Performance Consistency

Our performance consistency test explores the extent to which a drive can reliably sustain performance during a long-duration random write test. Specifications for consumer drives typically list peak performance numbers only attainable in ideal conditions. The performance in a worst-case scenario can be drastically different as over the course of a long test drives can run out of spare area, have to start performing garbage collection, and sometimes even reach power or thermal limits.

In addition to an overall decline in performance, a long test can show patterns in how performance varies on shorter timescales. Some drives will exhibit very little variance in performance from second to second, while others will show massive drops in performance during each garbage collection cycle but otherwise maintain good performance, and others show constantly wide variance. If a drive periodically slows to hard drive levels of performance, it may feel slow to use even if its overall average performance is very high.

To maximally stress the drive's controller and force it to perform garbage collection and wear leveling, this test conducts 4kB random writes with a queue depth of 32. The drive is filled before the start of the test, and the test duration is one hour. Any spare area will be exhausted early in the test and by the end of the hour even the largest drives with the most overprovisioning will have reached a steady state. We use the last 400 seconds of the test to score the drive both on steady-state average writes per second and on its performance divided by the standard deviation.

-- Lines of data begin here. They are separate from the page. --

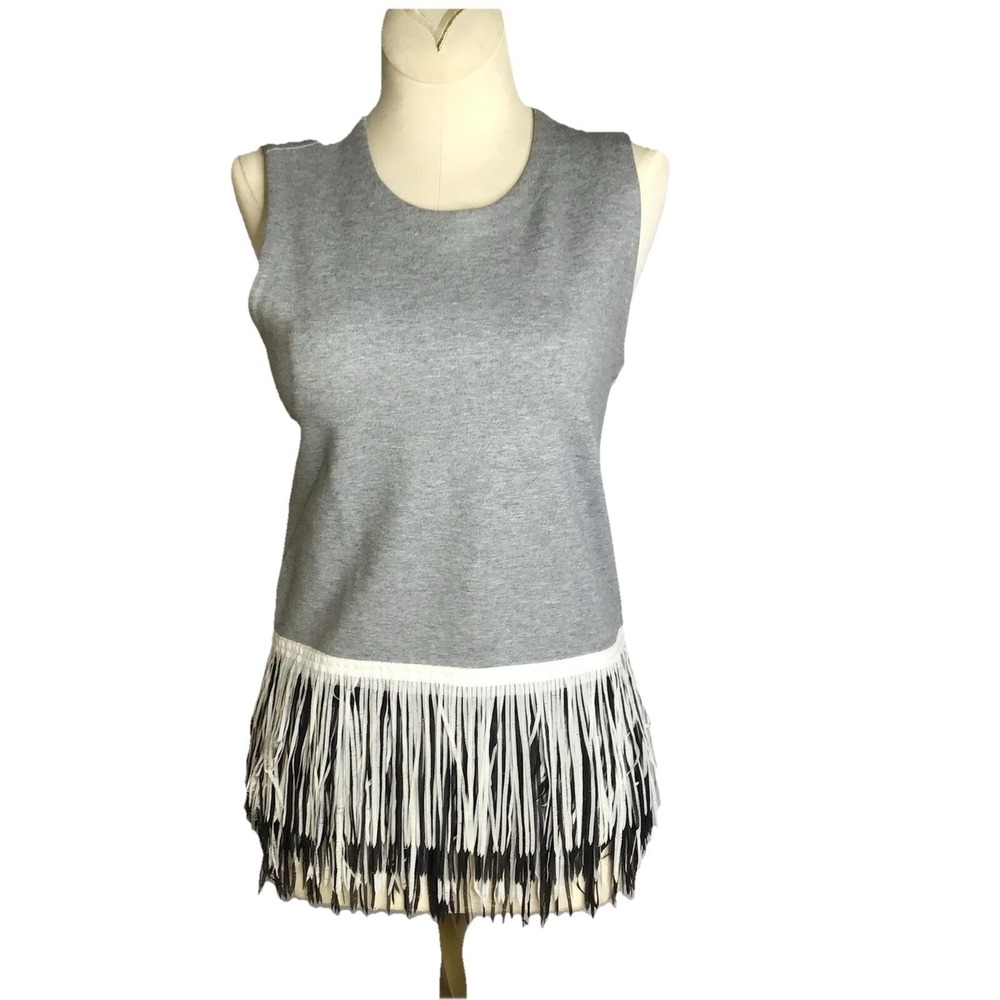 J CREW WOMENS GRAY KNIT TOP WITH FUN FRINGE SIZE S SLEEVELESS GenZ Rare Find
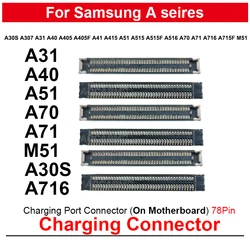 5 шт./лот, 78-контактный разъем для зарядки, материнская плата для Samsung A30S A31 A40 A405 M51 A41 A415 A51 A515 A5715F A516 A70 A71 A716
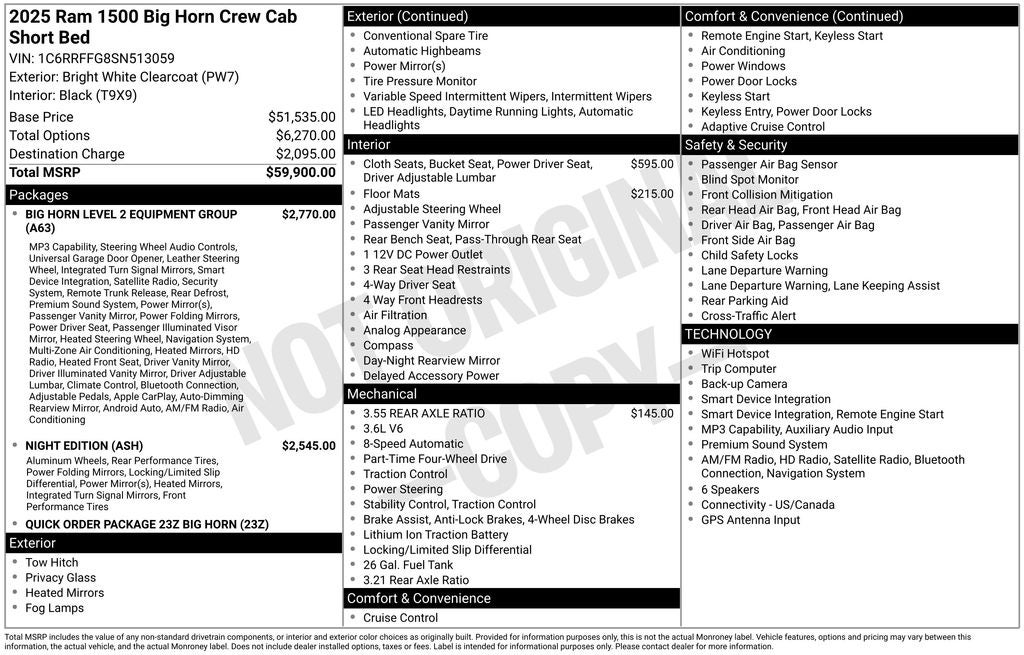 2025 RAM 1500 Big Horn Crew Cab 4x4 5'7' Box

Steady-State 4KB Random Write Performance

The Trion 150 substantially improves steady-state performance over its predecessor. The middle 480GB capacity is once again the best-performing size by a wide margin.

Steady-State 4KB Random Write Consistency

The Trion 150's consistency score has climbed out of the gutter—aided somewhat by the improved average performance, but there's clearly been a major change in behavior for the drive firmware that reduces the variability of write performance. The Trion 150 scores much better than any other budget drive.

IOPS over time
Default
25% Over-Provisioning

After a very short initial burst of high performance due to SLC write caching, the Trion 150 settles into a pattern of decent but broadly variable performance as it burns through the remaining spare area. Once the spare area is exhausted the behavior changes completely and the drive is very steady, transitioning between a handful of discrete performance levels.

Steady-State IOPS over time
Default
25% Over-Provisioning

Looking closer at the steady-state phase, the transitions between performance states are very clear and abrupt, and there are no outliers in either direction. The performance with manual overprovisioning is substantially higher and the consistency is only slightly worse. In either case, the consistency is as good as we could ask for and a big improvement over the earlier Trion 100.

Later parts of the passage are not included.